**Information shown:**
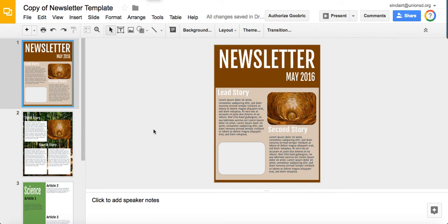This is Mr. Sinclair. I'm going to review a few Google Slides basics for you guys as you do your newsletter.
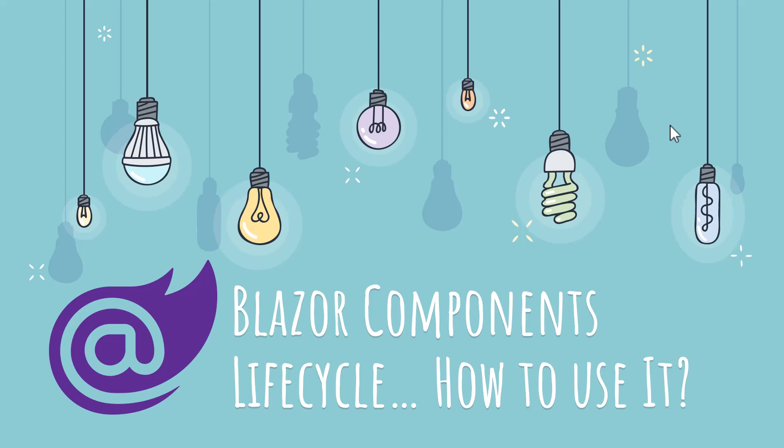Hello everyone, this is Coderjeet, your best friend in programming and today I'm going to talk about Blazor component lifecycle, the various lifecycle events and how to use them.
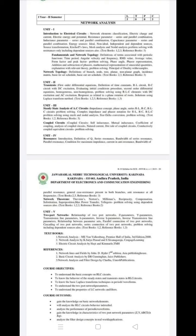In the fourth unit, resonance is covered along with quality factor. Units one and three are the most important. The fifth unit is also important. Units one, three, and five are the key units, with unit four being the last priority.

**Try it:** Please copy the data shown above, line by line and exactly, omitting the images.

**Output of the task:**
This is Mr. Sinclair. I'm going to review a few Google Slides basics for you guys as you do your newsletter.
Hello everyone, this is Coderjeet, your best friend in programming and today I'm going to talk about Blazor component lifecycle, the various lifecycle events and how to use them.
In the fourth unit, resonance is covered along with quality factor. Units one and three are the most important. The fifth unit is also important. Units one, three, and five are the key units, with unit four being the last priority.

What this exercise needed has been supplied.